WORK INSTRUCTIONS -
Leave every picture out, and give again exactly the lines from the one containing "chaturbate-143vanessa-webcam-show-06_05_2016-08_00_20" through the end of the listing.

DATA SEGMENT -

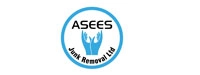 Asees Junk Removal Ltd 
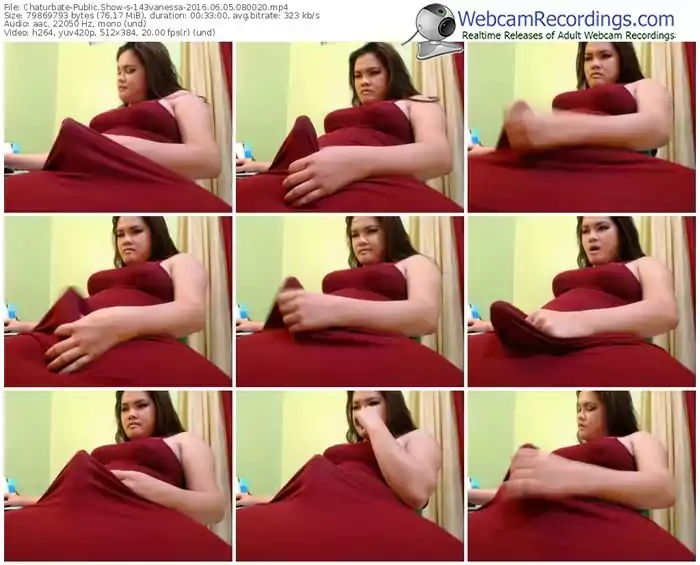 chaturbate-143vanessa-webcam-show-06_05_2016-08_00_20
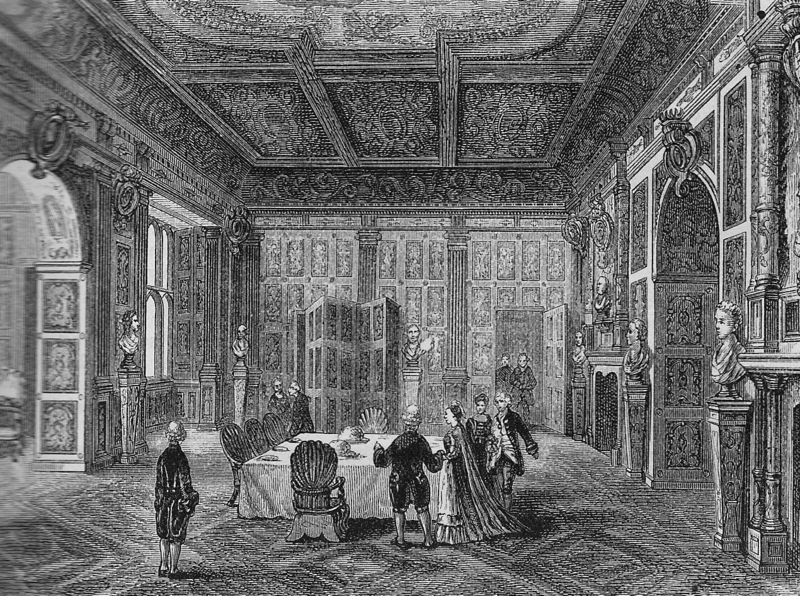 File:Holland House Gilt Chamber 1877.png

YOUR SOLUTION -
 chaturbate-143vanessa-webcam-show-06_05_2016-08_00_20
 File:Holland House Gilt Chamber 1877.png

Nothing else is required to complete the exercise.